Monsieur A X a alors versé 300 euros, règlement qui a été effectué par carte bancaire.Les 300 euros ont été prélevés sur le compte. ll n’a jamais reçu le bonus et n’a pas eu d’autre contact.
Le 22 décembre 2015, M. X a reçu un mail d’un dénommé D Z d’une société GESTIONS EPARGNE.
Ce mail délivrait un mot de passe pour accéder au compte GESTIONS EPARGNE qui aurait été ouvert au profit de Monsieur A X lors du versement de 300 euros.
Puis, les 20 et 21 janvier 2016, un appel téléphonique d’un dénommé K-L Y se disant être de la société GESTIONS EPARGNE, s’occupant des comptes clients et proposant un mandat à terme BCE, soit un placement sur 3 mois avec un rendement de 9% par mois.
Un contrat lui a été envoyé avec un mandat signé depuis MANCHESTER en date du 21 janvier 2016, siège semble-t-il de la société GESTIONS EPARGNE.
ll s’agissait d’un contrat de 30 000 euros sur 90 jours qui devait lui rapporter 2700 euros.
Monsieur A X devait faire un apport de 29.174 euros tenant compte de l’argent qui était parait-il sur son compte.
Le virement a été effectué sur un compte ouvert en POLOGNE dont le destinataire était BCE à Varsovie.
Monsieur Y a ensuite informé Monsieur A X, par un appel téléphonique en date du 1er mars 2016, que la société GESTIONS EPARGNE aurait fusionné avec FINANCES CAPITAL.
Ce même jour un mail de Monsieur Z a confirmé le nouveau site internet.
Une nouvelle opération a été proposée à Monsieur A X début avril 2016 avec une plus-value potentielle de 70%.
Un virement de 15 000 euros a donc été effectué à la banque BGZ BNP PARIBAS à CRACOVIE.Le bénéficiaire est SBCF.
Ce virement a ensuite été restitué à M. X, pour lui donner confiance.
Entre temps, il a été promis que des versements allaient être faits par un crédit de 10 000 euros.
M. X a ensuite, à la demande d’un de ses interlocuteurs, fait un second virement de 15.000 euros à destination de E F et les fonds sont une nouvelle fois revenus.

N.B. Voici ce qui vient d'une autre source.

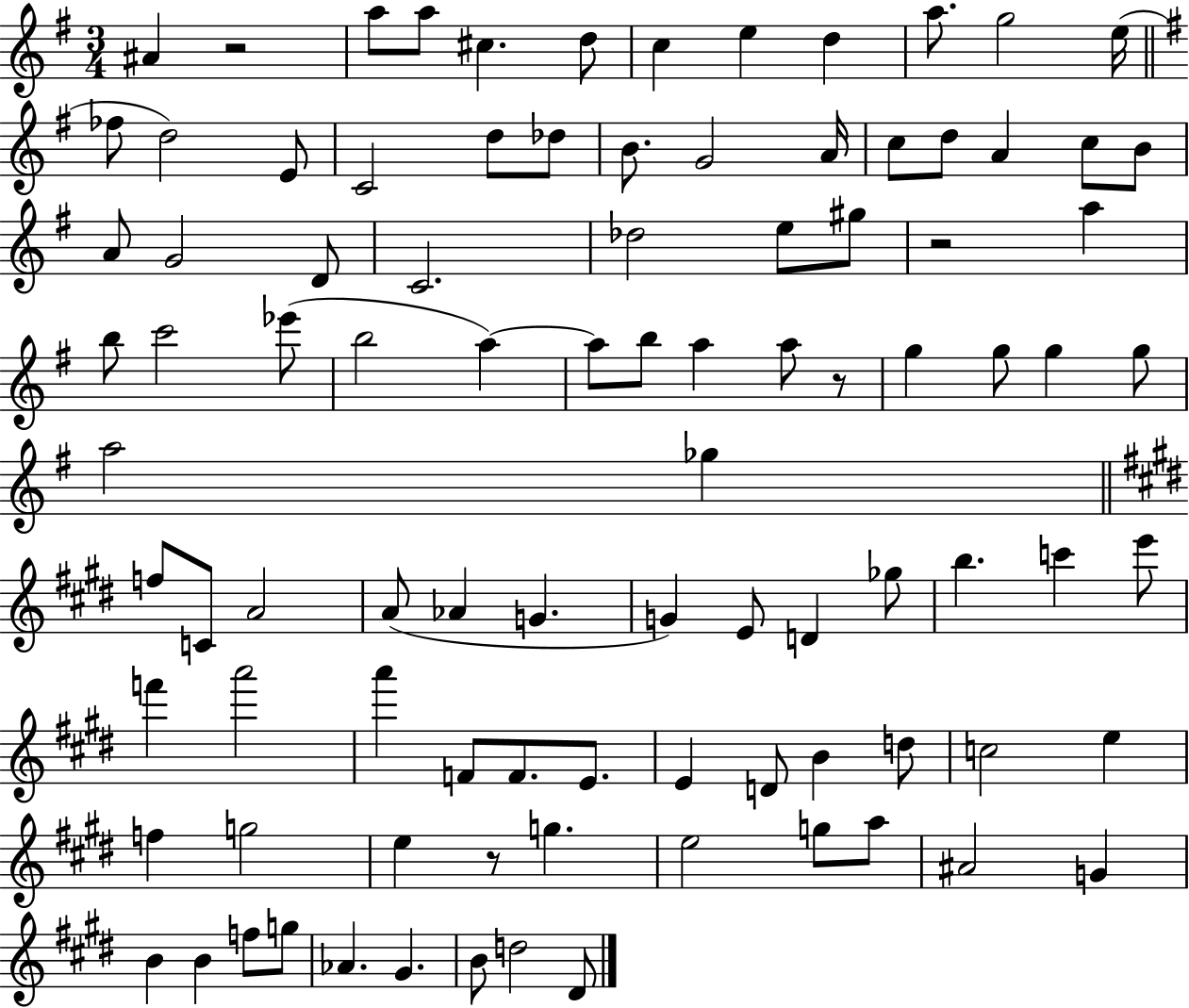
X:1
T:Untitled
M:3/4
L:1/4
K:G
^A z2 a/2 a/2 ^c d/2 c e d a/2 g2 e/4 _f/2 d2 E/2 C2 d/2 _d/2 B/2 G2 A/4 c/2 d/2 A c/2 B/2 A/2 G2 D/2 C2 _d2 e/2 ^g/2 z2 a b/2 c'2 _e'/2 b2 a a/2 b/2 a a/2 z/2 g g/2 g g/2 a2 _g f/2 C/2 A2 A/2 _A G G E/2 D _g/2 b c' e'/2 f' a'2 a' F/2 F/2 E/2 E D/2 B d/2 c2 e f g2 e z/2 g e2 g/2 a/2 ^A2 G B B f/2 g/2 _A ^G B/2 d2 ^D/2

Il a enfin fait un troisième virement de 15.000 euros à destination d’un compte ouvert par une société PEARCE auprès de SBERBANK.
Depuis cette date Monsieur A X n’a plus aucune nouvelle des deux financiers, les Sieurs Z et Y, ayant ouvert des comptes à I’étranger pour mettre en place une escroquerie parfaitement bien organisée.
L’escroquerie a entraîné une perte de 44.474 euros.
Monsieur A X n’est pas assuré pour ce genre de virement. Il a perdu toutes ses économies mises de coté pour agrémenter sa retraite.
FINANCES CAPITAL ferait partie de la liste noire des sociétés financières de même que GESTIONS EPARGNE.
Monsieur X considère que les banques qui ont accepté d’ouvrir des comptes virtuels au nom et pour le compte de sociétés qui n’existent pas, sciemment, ne pouvant ignorer qu’il s’agit d’escroquerie, ont prêté leur concours en toute connaissance de cause et participent activement au maintien de ces escroqueries.
Il a assigné la société de droit polonais E F J WBK SA BANQUE ainsi que la société de droit tchèque SBER F CZ BANQUE devant le tribunal de commerce de Saint-Nazaire.
La société SBER F a comparu, mais non la société E F.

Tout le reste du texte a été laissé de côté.